2.9 RFC2710 - Multicast Listener Discovery (MLD) for IPv6

   Multicast Listener Discovery [RFC-2710] must be supported by cellular

   MLD requires that MLD messages be sent for link-local multicast
   addresses (excluding the all-nodes address).  The requirement that
   MLD be run even for link-local addresses aids layer-two devices
   (e.g., Ethernet bridges) that attempt to suppress the forwarding of
   link-layer multicast packets to portions of the layer-two network
   where there are no listeners.  If MLD is used to announce the

   presence of listeners for all IP multicast addresses (including
   link-local multicast addresses), layer 2 devices can snoop MLD
   messages to reliably determine which portions of a network IP
   multicast messages need to be forwarded to.

2.9.1 MLD in 3GPP Networks

   Within 3GPP networks, hosts connect to their default routers (GGSN)
   via point-to-point links.  Moreover, there are exactly two IP devices
   connected to the point-to-point link, and no attempt is made (at the
   link-layer) to suppress the forwarding of multicast traffic.
   Consequently, sending MLD reports for link-local addresses in a 3GPP
   environment may not always be necessary.

   MLD is needed for multicast group knowledge that is not link-local.

2.10 RFC2711 - IPv6 Router Alert Option

   The Router Alert Option [RFC-2711] must be supported, and its use is
   required when MLD is used (see Section 2.9) or when RSVP [RFC-2205]
   is used.

2.11 RFC3041 - Privacy Extensions for Address Configuration in IPv6

   Privacy Extensions for Stateless Address Autoconfiguration [RFC-3041]
   should be supported.  RFC 3041, and privacy in general, is important
   for the Internet.  Cellular hosts may use the temporary addresses as
   described in RFC 3041.  However, the use of the Privacy Extension in
   an environment where IPv6 addresses are short-lived may not be
   necessary.  At the time this document has been written, there is no
   experience on how long-lived cellular network address assignments
   (i.e., attachments to the network) are.  The length of the address
   assignments depends upon many factors such as radio coverage, device
   status and user preferences.  Additionally, the use of temporary
   address with IPsec may lead to more frequent renegotiation for the
   Security Associations.

   Refer to Section 5 for a discussion of the benefits of privacy
   extensions in a 3GPP network.

2.12 Dynamic Host Configuration Protocol for IPv6 (DHCPv6)
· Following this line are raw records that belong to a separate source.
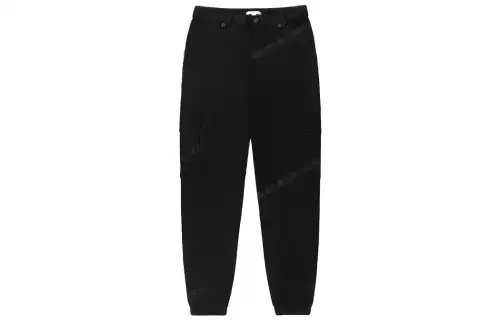 Vans Cargo Pants Women's Black Moderate Cargo Pants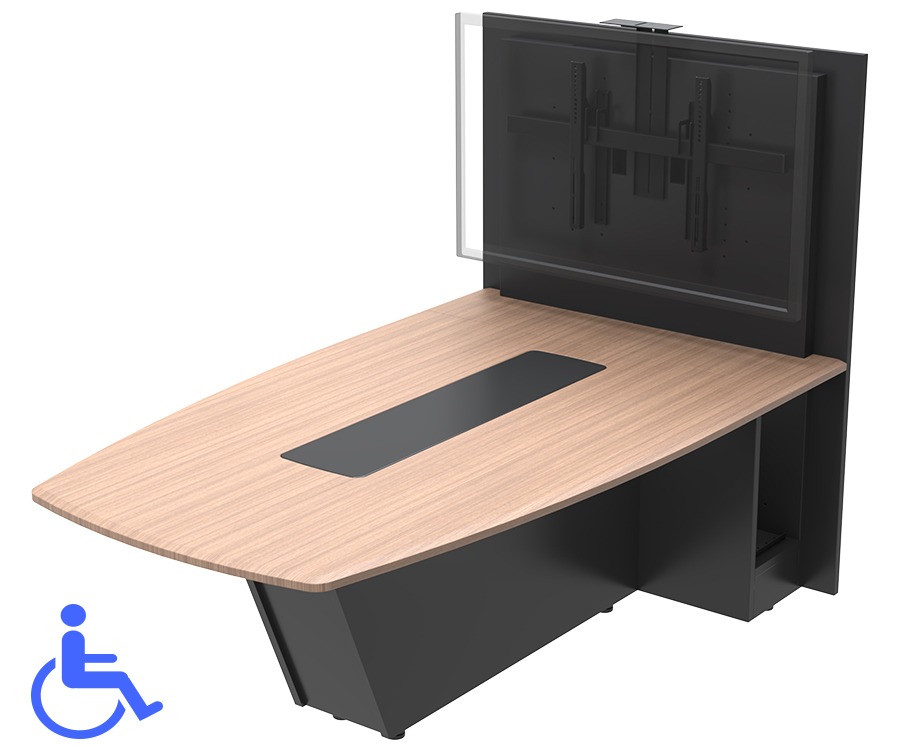 T526 Classic Modular Collaboration Table Package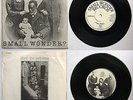 The Carpettes Small Wonder? Orig UK 1978 Punk 7in Small9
   The Dynamic Host Configuration Protocol for IPv6 [DHCPv6] may be
   used.  DHCPv6 is not required for address autoconfiguration when IPv6
   stateless autoconfiguration is used.  However, DHCPv6 may be useful
   for other configuration needs on a cellular host.

2.13 RFC3484 - Default Address Selection for IPv6

   Default Address Selection [RFC-3484] is needed for cellular hosts.

2.14 DNS

   Cellular hosts should support DNS, as described in [RFC-1034], [RFC-
   1035], [RFC-1886], and [RFC-3152].

   If DNS is used, a cellular host can perform DNS requests in the
   recursive mode, to limit signaling over the air interface.  Both the
   iterative and the recursive approach should be supported, however, as
   the specifications require implementation of the iterative approach,
   and allow the recursive approach as an option.  Furthermore, all DNS
   servers may not support recursive queries, and the security benefits
   of DNS Security cannot always be achieved with them.

3 IP Security

   IPsec [RFC-2401] is a fundamental part of IPv6, and support for AH
   and ESP is described as mandatory in the specifications.

   The first part of this section discusses the applicability of IP
   Security and other security mechanisms for common tasks in cellular
   hosts.  The second part, Sections 3.1 to 3.13, lists the
   specifications related to IPsec and discusses the use of these parts
   of IPsec in a cellular context.

   In general, the need to use a security mechanism depends on the
   intended application for it.  Different security mechanisms are
   useful in different contexts, and have different limitations.  Some
   applications require the use of TLS [RFC-2246], in some situations
   IPsec is used.

   It is not realistic to list all possible services here, and it is
   expected that application protocol specifications have requirements
   on what security services they require.  Note that cellular hosts
   able to download applications must be prepared to offer sufficient
   security services for these applications regardless of the needs of
   the initial set of applications in those hosts.

   The following sections list specifications related to the IPsec
   functionality, and discuss their applicability in a cellular context.
   This discussion focuses on the use of IPsec.  In some applications, a
   different set of protocols may need to be employed.  In particular,
   the below discussion is not relevant for applications that use other
   security services than IPsec.

3.1 RFC2104 - HMAC: Keyed-Hashing for Message Authentication

   This specification [RFC-2104] must be supported.  It is referenced by
   RFC 2403 that describes how IPsec protects the integrity of packets.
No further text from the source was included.